Turf and topsoil was removed that revealed two linear slate drains that criss-crossed the trench, partially truncating lower archaeological deposits and probably recent in date. A wall line was recorded running east-west along the southern edge of the trench, returning northwards for c.2m in the south-west corner of the trench. To the north of the wall an internal cobbled stone floor was exposed although this did not extend along the complete length of the wall. The floor contained parallel lines of larger stones that were slightly raised above the floor on its northern side, acting as a shallow drain. The drain ended c.2.5m east of the west wall where two larger stones combined with the line of further large uneven stones that ran perpendicular to the south wall. Beyond this line further truncated flooring was recorded but it appeared to be of a poorer build. Although not definitive it does suggests that building was extended on its western side, beyond the line of the original drain.
A shallow robber trench was recorded that continued the line of the ?later western wall and a large in-situ stone was exposed c.5.5m from the south-west corner of the building that marked the north-west corner of the building. The northern side of the building consisted entirely of a shallow robber trench that had become in-filled with soil that had silted in from the northern side of the wall. This finds rich soil appears to have accumulated against the northern side of the wall during the lifetime of the building and date from the late 17th century onwards. The soil directly overlaid a rough, irregular stone deposit that is either the remnants of a surface or the terracing material for Bradgate House. The robber trench suggested that the building has been partially cut into this deposit to create a flat platform. The projected dimensions of the building measured c.20m x c.6m, forming a long rectangular structure.

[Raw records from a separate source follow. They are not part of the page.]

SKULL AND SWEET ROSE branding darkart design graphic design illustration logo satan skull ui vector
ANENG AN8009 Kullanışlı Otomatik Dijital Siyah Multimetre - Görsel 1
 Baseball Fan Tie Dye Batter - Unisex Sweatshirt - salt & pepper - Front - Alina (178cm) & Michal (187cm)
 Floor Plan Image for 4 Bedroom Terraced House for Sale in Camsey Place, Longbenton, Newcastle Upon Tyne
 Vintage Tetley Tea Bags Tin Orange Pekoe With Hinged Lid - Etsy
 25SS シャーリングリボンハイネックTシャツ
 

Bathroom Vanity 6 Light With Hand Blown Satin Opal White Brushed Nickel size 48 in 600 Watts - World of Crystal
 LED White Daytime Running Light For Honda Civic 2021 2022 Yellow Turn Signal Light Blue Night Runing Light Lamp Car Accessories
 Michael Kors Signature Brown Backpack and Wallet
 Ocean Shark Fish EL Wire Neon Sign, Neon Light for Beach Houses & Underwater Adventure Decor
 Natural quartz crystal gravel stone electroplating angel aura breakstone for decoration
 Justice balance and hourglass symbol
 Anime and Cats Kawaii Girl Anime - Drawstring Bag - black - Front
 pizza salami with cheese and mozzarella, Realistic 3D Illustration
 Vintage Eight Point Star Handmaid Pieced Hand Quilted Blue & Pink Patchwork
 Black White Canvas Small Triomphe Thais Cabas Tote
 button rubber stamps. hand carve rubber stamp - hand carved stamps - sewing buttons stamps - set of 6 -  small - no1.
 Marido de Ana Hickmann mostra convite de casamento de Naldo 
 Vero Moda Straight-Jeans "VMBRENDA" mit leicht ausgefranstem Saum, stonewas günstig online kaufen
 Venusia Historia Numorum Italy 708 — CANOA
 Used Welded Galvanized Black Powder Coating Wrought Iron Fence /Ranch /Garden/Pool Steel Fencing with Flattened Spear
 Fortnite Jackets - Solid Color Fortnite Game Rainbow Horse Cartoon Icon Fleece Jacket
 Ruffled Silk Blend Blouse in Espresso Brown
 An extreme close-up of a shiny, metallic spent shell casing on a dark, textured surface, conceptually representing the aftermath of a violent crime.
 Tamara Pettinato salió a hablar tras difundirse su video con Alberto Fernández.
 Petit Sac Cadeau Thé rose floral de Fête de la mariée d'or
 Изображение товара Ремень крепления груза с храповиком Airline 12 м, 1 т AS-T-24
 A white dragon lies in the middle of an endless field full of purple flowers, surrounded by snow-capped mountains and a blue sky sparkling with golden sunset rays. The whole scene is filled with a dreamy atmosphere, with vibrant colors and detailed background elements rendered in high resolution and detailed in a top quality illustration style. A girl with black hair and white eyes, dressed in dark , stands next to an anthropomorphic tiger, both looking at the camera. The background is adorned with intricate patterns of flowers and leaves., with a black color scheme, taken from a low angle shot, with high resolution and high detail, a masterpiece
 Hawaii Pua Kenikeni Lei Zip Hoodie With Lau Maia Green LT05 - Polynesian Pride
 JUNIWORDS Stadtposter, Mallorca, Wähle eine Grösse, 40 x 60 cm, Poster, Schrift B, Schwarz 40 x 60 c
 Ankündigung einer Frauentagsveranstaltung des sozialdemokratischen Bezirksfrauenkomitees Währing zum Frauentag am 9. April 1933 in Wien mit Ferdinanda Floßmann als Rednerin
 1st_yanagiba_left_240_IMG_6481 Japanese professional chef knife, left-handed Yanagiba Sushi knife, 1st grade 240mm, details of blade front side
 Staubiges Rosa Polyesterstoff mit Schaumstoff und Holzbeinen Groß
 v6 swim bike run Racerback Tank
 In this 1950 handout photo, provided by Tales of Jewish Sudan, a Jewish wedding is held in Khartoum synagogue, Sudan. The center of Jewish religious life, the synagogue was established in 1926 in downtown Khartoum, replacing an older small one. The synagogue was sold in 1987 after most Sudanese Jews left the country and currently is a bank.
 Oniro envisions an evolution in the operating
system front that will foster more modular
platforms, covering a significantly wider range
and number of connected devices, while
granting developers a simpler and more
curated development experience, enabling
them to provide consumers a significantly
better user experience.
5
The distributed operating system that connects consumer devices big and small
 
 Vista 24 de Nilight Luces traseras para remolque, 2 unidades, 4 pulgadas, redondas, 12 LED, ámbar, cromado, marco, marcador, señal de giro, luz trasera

To the south and west of the building further cobbling was exposed. Close to the south-west corner of the building clear cambering was recorded that included a shallow drain the ran diagonally away from the building. Initially it was assumed this was a contemporary external surface associated with the building. However evaluative slots proved that the surface continues beneath a layer of silt located underneath both phases of internal flooring. The building thus postdates a large surface of unknown function, date and extent that appears to have become colluviated prior to the construction of the building although it is possible the surface was reused externally. Further work is required to better understand this phasing but the colluviation, but may relate to one of the periods when Bradgate House lay largely unoccupied, such as after the Lady Jane Grey affair.
On the western side of the building a large sub-circular dump of building material was recorded extending beyond the western side of the trench. It consisted of a layer of bricks overlying a thick dump of rendering made out of gypsum. It is not known for certain were this material has come but it is likely to have come from Bradgate House.
In summary, the building probably dates to the late 17th century and could be attributable to the visit of William III in 1696. Documentary sources suggest stables for 100 horses were erected to accommodate the party that were constructed outside the house over a very short period of time. A similar style of narrow building dating from the same period is still present at Godolphin House in Cornwall which has been interpreted as a building for housing carriages and tethering animals. Again some further work is required next year in order to locate the entranceway and gain better understanding of the phasing of the earlier surfaces.